[Task statement]: In the records below, the lines between the one holding "Minka Lavery LED" and the one holding "AFPANQZ Kids Backpack", inclusive, are to be transcribed exactly; no pictures are to be included.

[Data records]:

┌────────

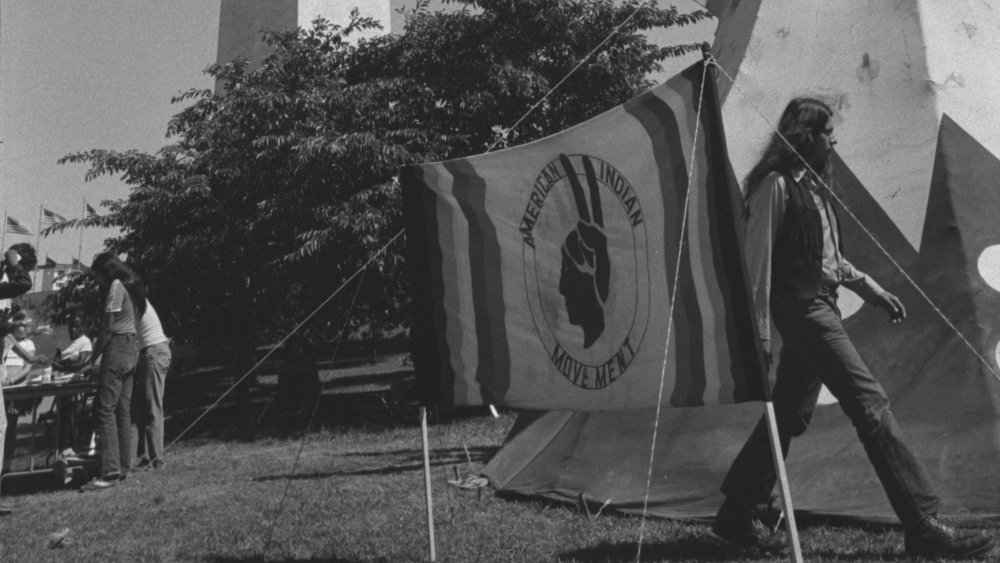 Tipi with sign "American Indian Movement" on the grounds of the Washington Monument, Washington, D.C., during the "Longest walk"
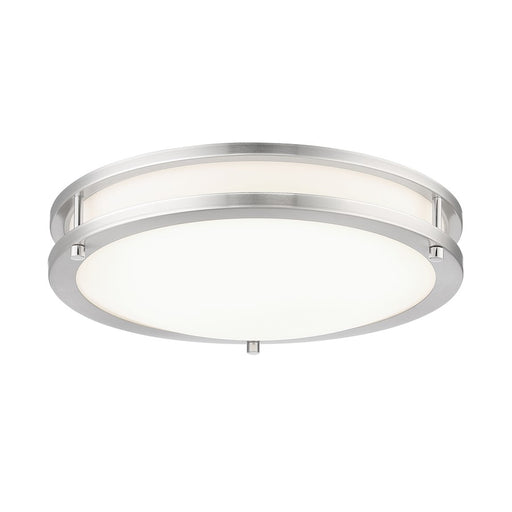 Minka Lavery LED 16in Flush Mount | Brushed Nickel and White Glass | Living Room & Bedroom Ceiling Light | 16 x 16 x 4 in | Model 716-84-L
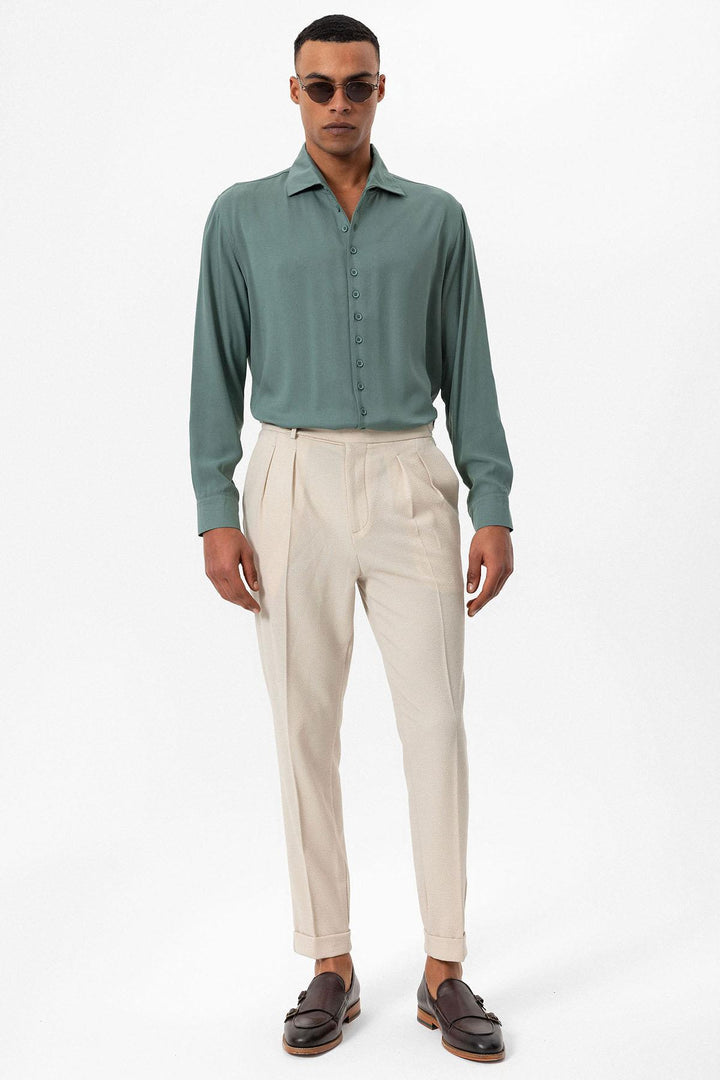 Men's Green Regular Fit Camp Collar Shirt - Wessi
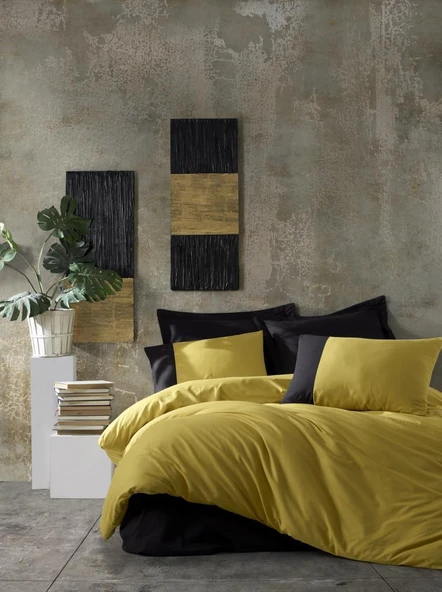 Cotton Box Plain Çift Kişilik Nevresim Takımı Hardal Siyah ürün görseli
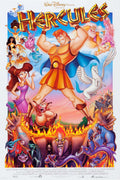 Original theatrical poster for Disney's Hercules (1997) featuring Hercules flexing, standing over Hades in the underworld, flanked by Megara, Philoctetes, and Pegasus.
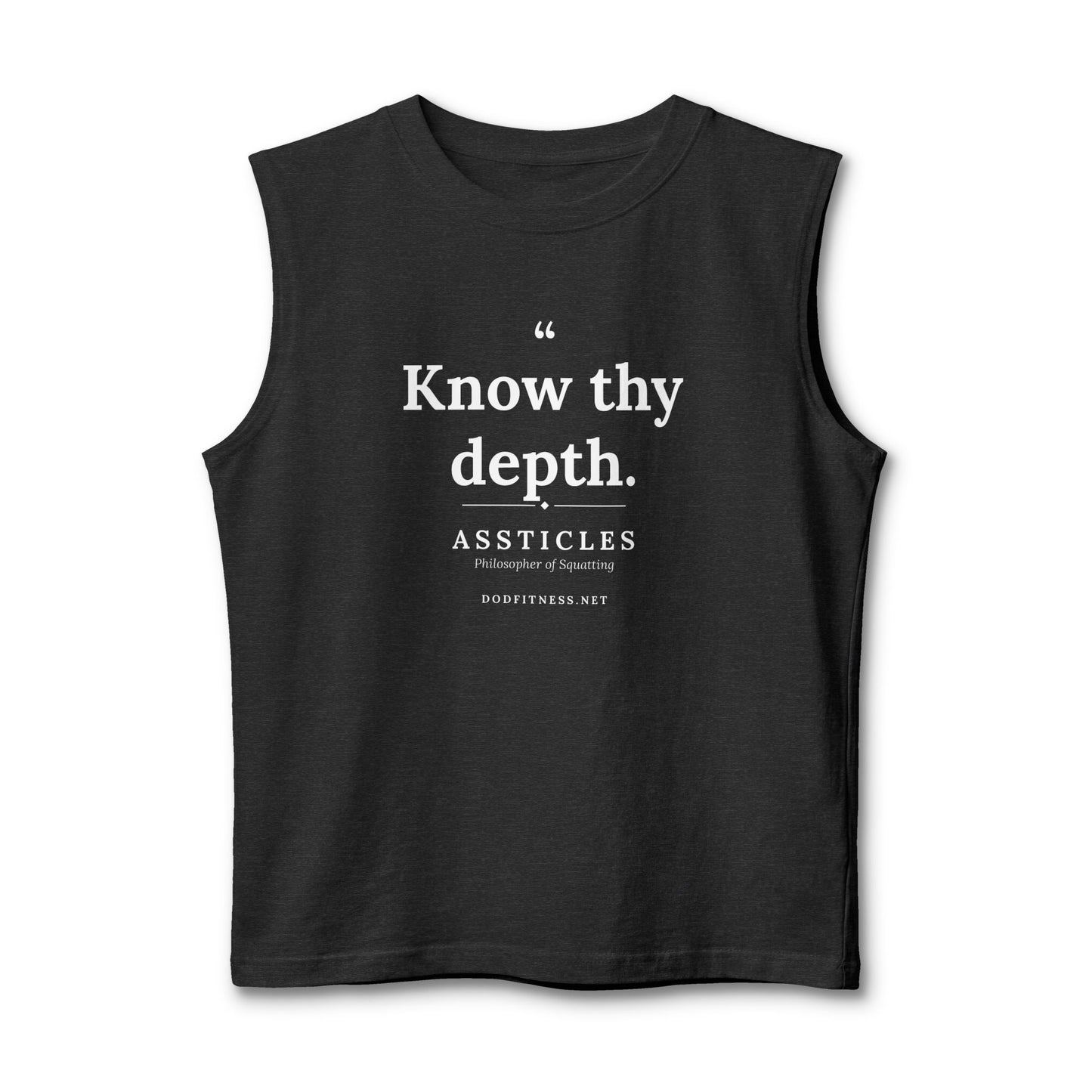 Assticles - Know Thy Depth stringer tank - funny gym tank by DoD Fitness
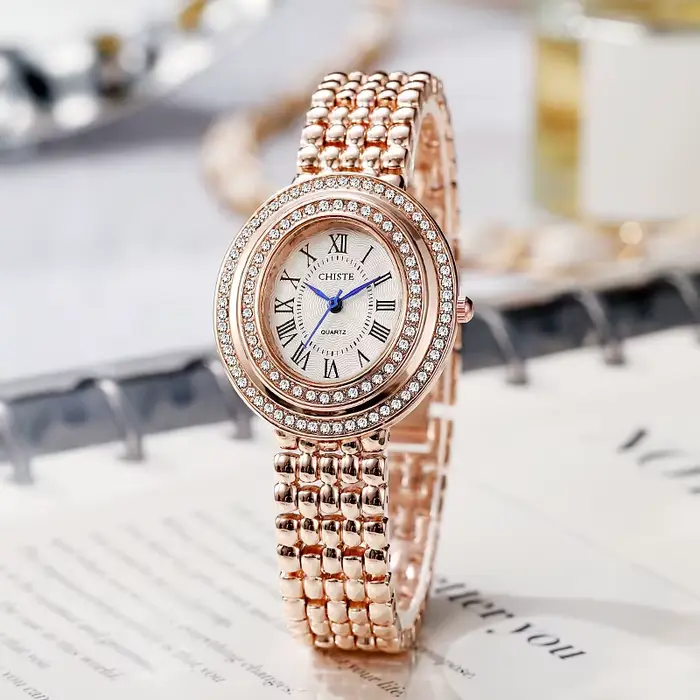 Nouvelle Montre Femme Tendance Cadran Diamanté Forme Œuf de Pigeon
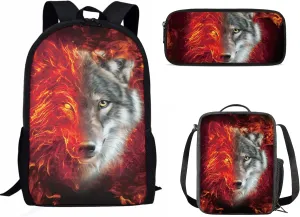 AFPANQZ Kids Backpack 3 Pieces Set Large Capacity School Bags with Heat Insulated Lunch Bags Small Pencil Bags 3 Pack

└────────
┌────────

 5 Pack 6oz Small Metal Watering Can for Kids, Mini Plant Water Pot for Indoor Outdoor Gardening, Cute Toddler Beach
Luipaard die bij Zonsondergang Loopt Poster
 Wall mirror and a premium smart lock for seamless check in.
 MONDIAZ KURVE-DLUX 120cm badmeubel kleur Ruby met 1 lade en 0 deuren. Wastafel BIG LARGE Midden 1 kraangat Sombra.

└────────

[Exercise output]:
 Minka Lavery LED 16in Flush Mount | Brushed Nickel and White Glass | Living Room & Bedroom Ceiling Light | 16 x 16 x 4 in | Model 716-84-L
 Men's Green Regular Fit Camp Collar Shirt - Wessi
 Cotton Box Plain Çift Kişilik Nevresim Takımı Hardal Siyah ürün görseli
 Original theatrical poster for Disney's Hercules (1997) featuring Hercules flexing, standing over Hades in the underworld, flanked by Megara, Philoctetes, and Pegasus.
 Assticles - Know Thy Depth stringer tank - funny gym tank by DoD Fitness
 Nouvelle Montre Femme Tendance Cadran Diamanté Forme Œuf de Pigeon
 AFPANQZ Kids Backpack 3 Pieces Set Large Capacity School Bags with Heat Insulated Lunch Bags Small Pencil Bags 3 Pack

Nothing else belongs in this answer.